DIRECTIONS :: Could you return only the lines that run from the line with "https://www.baohetangyaoye.com.cn/89194.html" through the final line of the data, exactly as they stand?

[Source records]

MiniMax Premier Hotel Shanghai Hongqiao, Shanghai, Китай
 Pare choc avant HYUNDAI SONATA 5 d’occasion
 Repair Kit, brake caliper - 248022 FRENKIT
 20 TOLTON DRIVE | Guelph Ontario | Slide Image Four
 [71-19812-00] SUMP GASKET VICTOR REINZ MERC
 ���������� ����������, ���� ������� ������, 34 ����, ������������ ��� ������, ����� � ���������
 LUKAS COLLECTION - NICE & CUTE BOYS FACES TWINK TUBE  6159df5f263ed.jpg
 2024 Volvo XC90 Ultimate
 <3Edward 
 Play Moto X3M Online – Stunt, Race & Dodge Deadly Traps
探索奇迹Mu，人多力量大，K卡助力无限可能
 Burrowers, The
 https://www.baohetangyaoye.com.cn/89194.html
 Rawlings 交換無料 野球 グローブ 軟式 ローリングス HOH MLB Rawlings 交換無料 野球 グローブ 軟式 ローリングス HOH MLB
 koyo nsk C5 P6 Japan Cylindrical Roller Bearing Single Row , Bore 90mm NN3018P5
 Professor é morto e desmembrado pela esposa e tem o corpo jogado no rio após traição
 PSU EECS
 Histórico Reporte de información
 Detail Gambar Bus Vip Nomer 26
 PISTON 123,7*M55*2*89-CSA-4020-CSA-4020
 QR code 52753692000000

TASK RESPONSE ::
 https://www.baohetangyaoye.com.cn/89194.html
 Rawlings 交換無料 野球 グローブ 軟式 ローリングス HOH MLB Rawlings 交換無料 野球 グローブ 軟式 ローリングス HOH MLB
 koyo nsk C5 P6 Japan Cylindrical Roller Bearing Single Row , Bore 90mm NN3018P5
 Professor é morto e desmembrado pela esposa e tem o corpo jogado no rio após traição
 PSU EECS
 Histórico Reporte de información
 Detail Gambar Bus Vip Nomer 26
 PISTON 123,7*M55*2*89-CSA-4020-CSA-4020
 QR code 52753692000000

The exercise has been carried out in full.